_The problem:_
Print, exactly as they stand, the lines below from the one that has "Öğrenciler Saatlerce Atatürk" to the one that has "The Danger of", inclusive, leaving out the pictures.

_Provided data:_

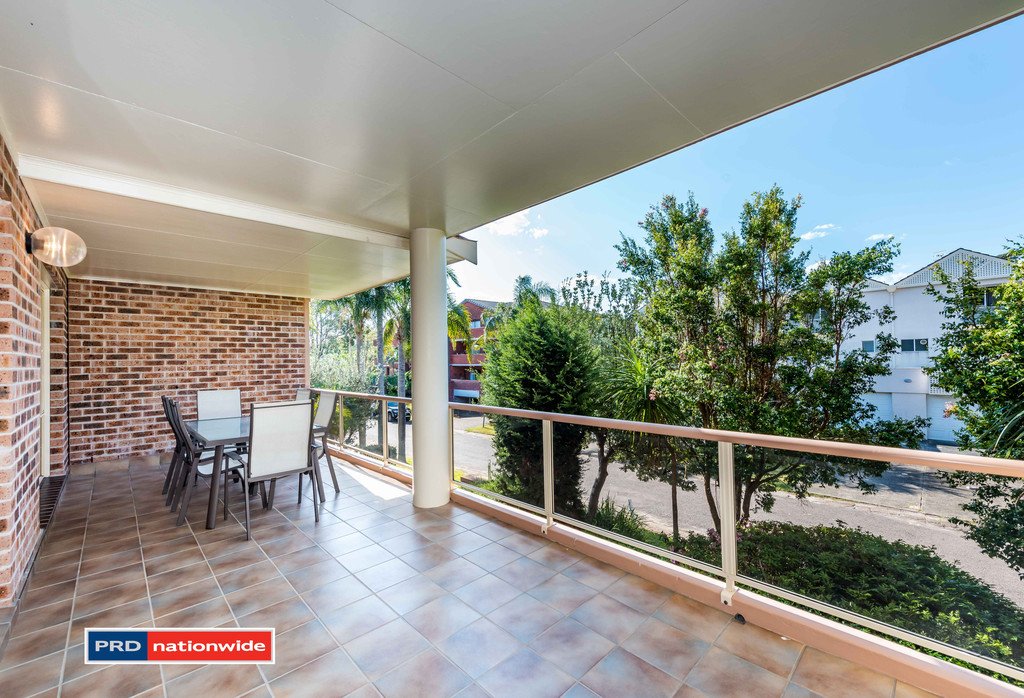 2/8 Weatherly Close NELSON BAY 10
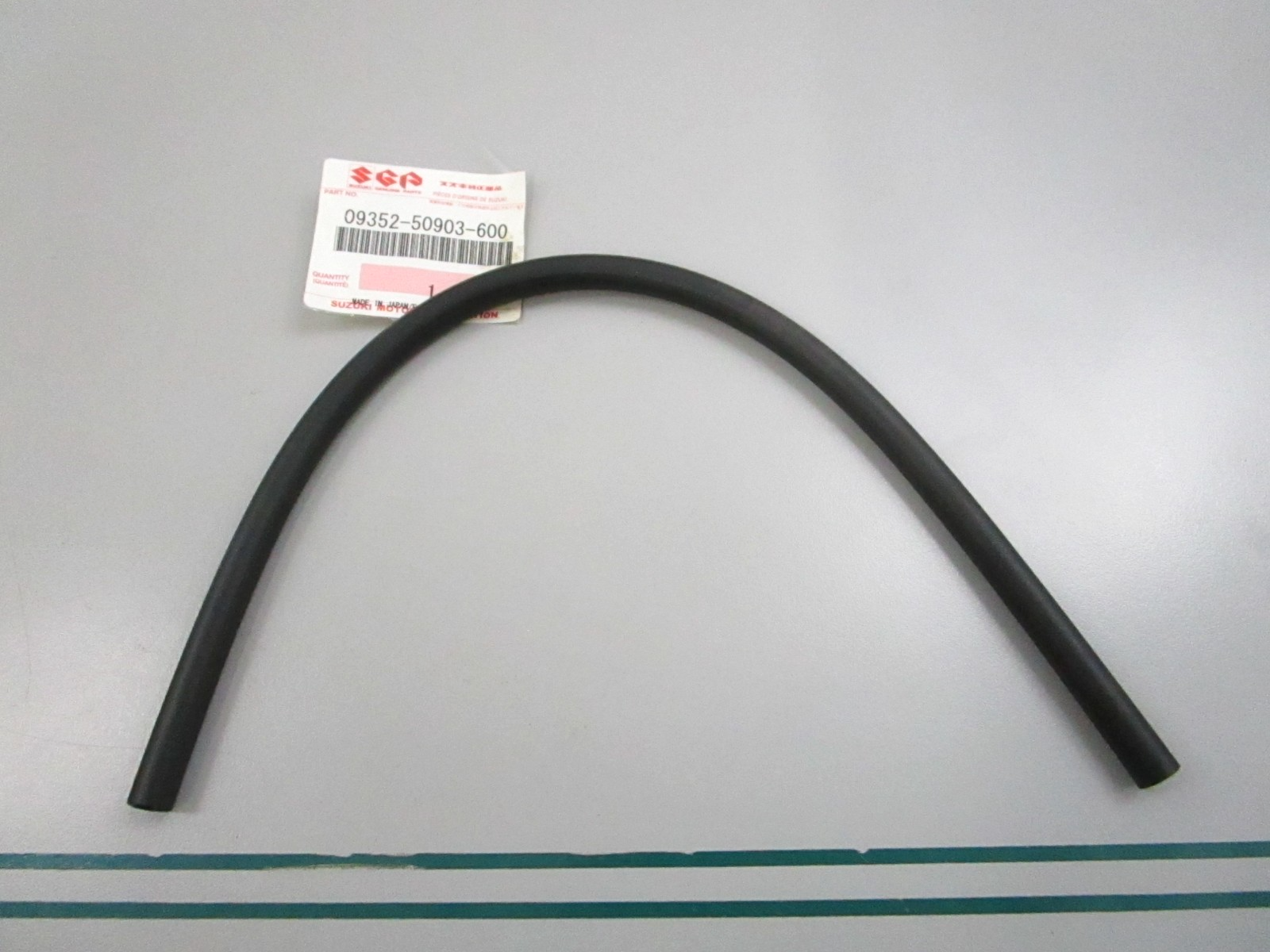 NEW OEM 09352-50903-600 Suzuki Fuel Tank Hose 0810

* * *

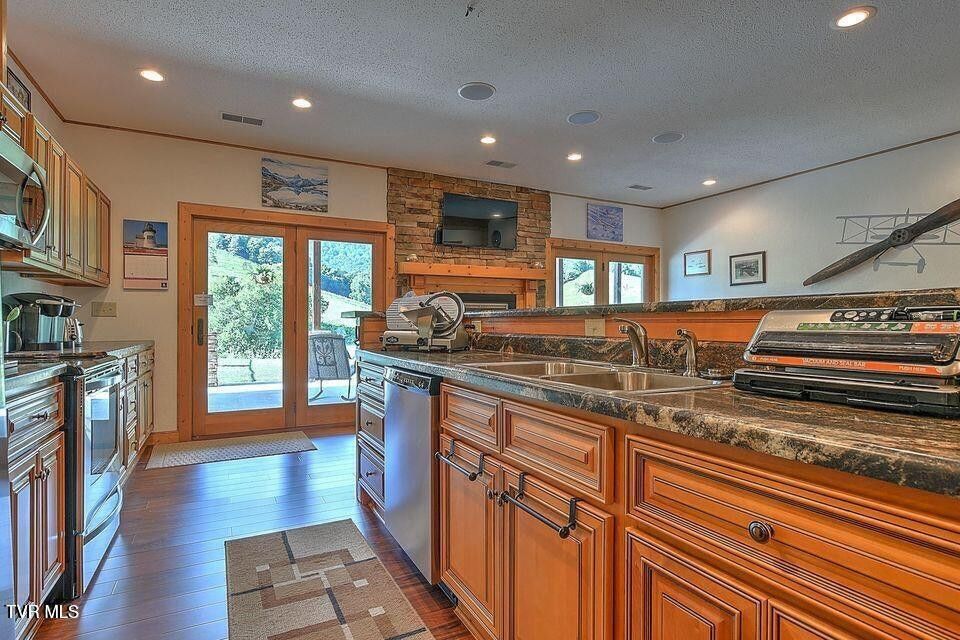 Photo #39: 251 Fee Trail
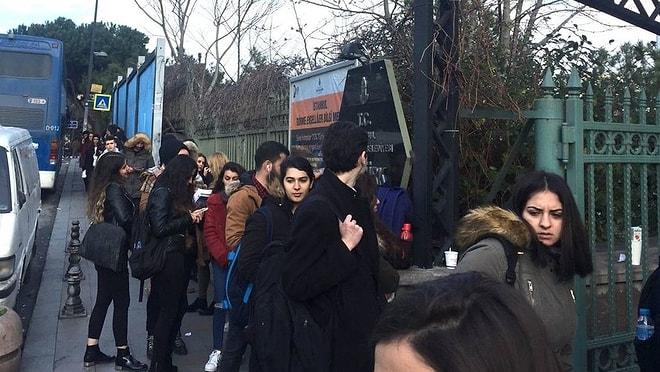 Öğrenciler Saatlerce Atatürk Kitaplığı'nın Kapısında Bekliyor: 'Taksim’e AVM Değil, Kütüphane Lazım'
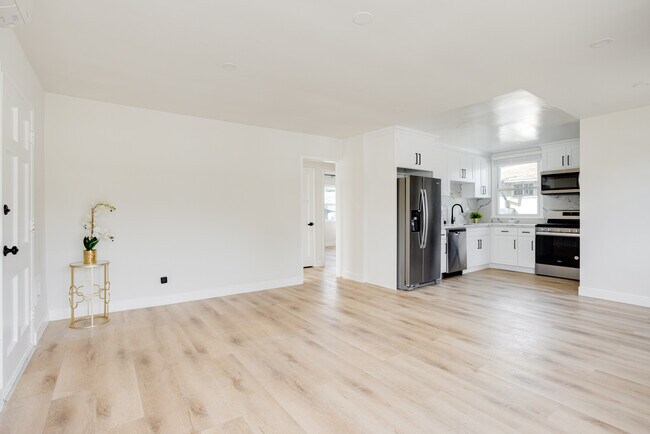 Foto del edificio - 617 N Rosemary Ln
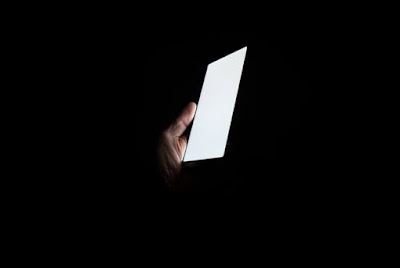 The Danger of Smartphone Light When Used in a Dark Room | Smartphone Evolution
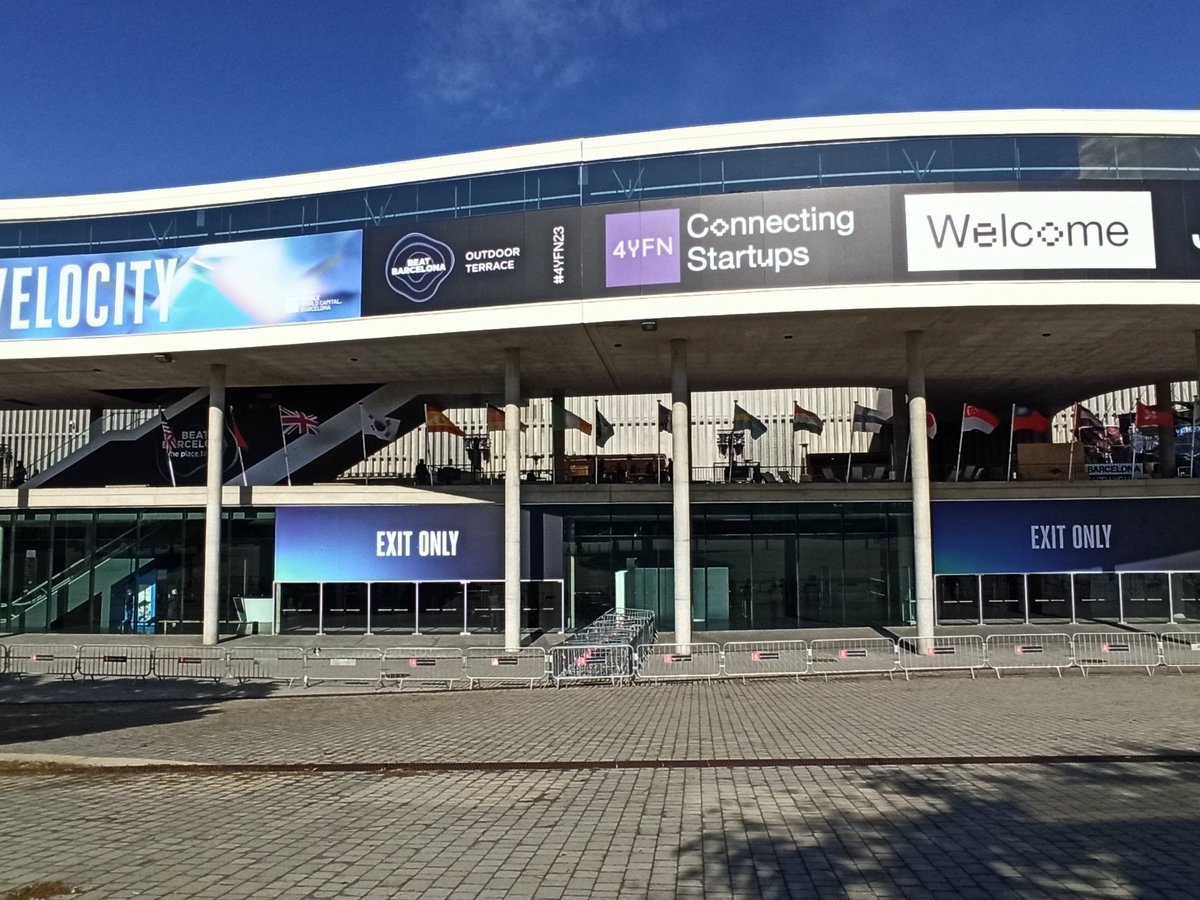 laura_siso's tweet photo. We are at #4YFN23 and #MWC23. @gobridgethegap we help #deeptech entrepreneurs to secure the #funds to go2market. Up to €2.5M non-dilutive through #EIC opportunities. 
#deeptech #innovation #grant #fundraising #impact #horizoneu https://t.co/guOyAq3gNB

_Task output:_
 Öğrenciler Saatlerce Atatürk Kitaplığı'nın Kapısında Bekliyor: 'Taksim’e AVM Değil, Kütüphane Lazım'
 Foto del edificio - 617 N Rosemary Ln
 The Danger of Smartphone Light When Used in a Dark Room | Smartphone Evolution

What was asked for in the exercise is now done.